眉間に皺を寄せた。焦点を合わせる。薄っすらとしたコントラストを目に慣れさせた。次第に、視界に輪郭が生成されていく。
息を呑んだ。否、忘れていた呼吸を再開させた。唾を飲み込んだ。目に入った全ての情報を受取るのに必死だった。
手。無数の、手が、九里香の周囲を覆う。それはヒトの持つものよりも圧倒的に白く、仄かに輝いているようにすら見えた。白い皮膚と爪が、九里香の顔を何度も撫でる。初めは恐る恐る、生まれたばかりの子猫にでも触れるように皮膚を擦りつけていた。だがそれは触れる度遠慮を失っていく。気付いたときには、まるで九里香の表面を舐め取るかのように、腕と手と指が彼の全てをなぞる。
首筋から服の中へと細い指が入り込んだ。鎖骨と腰の骨の上を、一本の指が線を引くように滑っていく。唾液も温度もないその冷たい手は、九里香の温度を奪うことすら無い。
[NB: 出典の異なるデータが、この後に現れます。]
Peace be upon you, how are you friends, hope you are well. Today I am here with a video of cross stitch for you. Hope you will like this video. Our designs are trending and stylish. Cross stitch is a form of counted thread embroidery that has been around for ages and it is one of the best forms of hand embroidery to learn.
何一つ失うことのない接触だというのに、どうしても何かが、飴玉のように少しずつ解けて、擦り減っていく感覚があった。
体感数分の後。九里香は無意識に手を伸ばした。そこに拒絶の意思があることは明白だった。爪の先が、どれかの指の隙間に突き刺さった。自分と同じ、ヒトの皮膚を、自分の爪で割く感触。夕食の生肉に指が当たっているのと、物理的には殆ど変わらない筈だ。だというのに、喉の奥でビー玉のようなものがつまったような、そんな不快感が九里香を襲った。それが一種の罪悪感にもとれるものだということは、彼自身も理解していた。
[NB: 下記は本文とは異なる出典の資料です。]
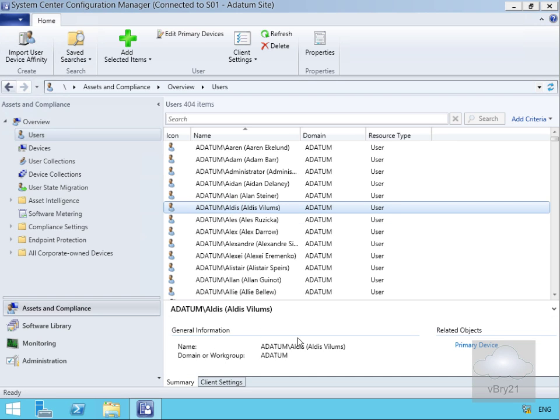That's the end of this demonstration of looking at the System Center Config Manager administrator console. Thank you.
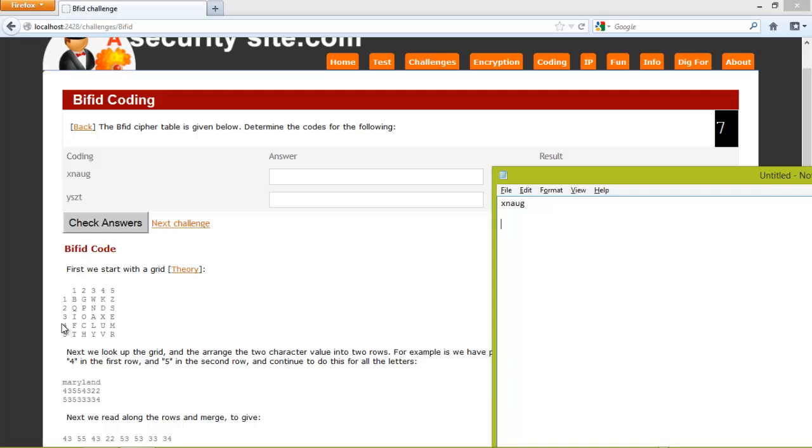We'll take X. X if we look at it is a 3 and a 4, and then N becomes a 2 and a 3.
それでも、九里香の本能は抵抗を放棄することはなかった。白い皮膚を、爪でなぞって、肉を抉る。白い視界に血の赤は見えない。代わりに漏れ出たのは、強烈な花の香りだった。
花の香り。
覚えがあった。昼間、須藤と会話している時にも感じたあの匂いだった。
そうだ、これは。この強く鼻孔を刺す甘さは。
「ハナミズキの――――」
その花の名を呟く。その瞬間、視界が黒く塗りつぶされた。電子音が頭の中で響いていた。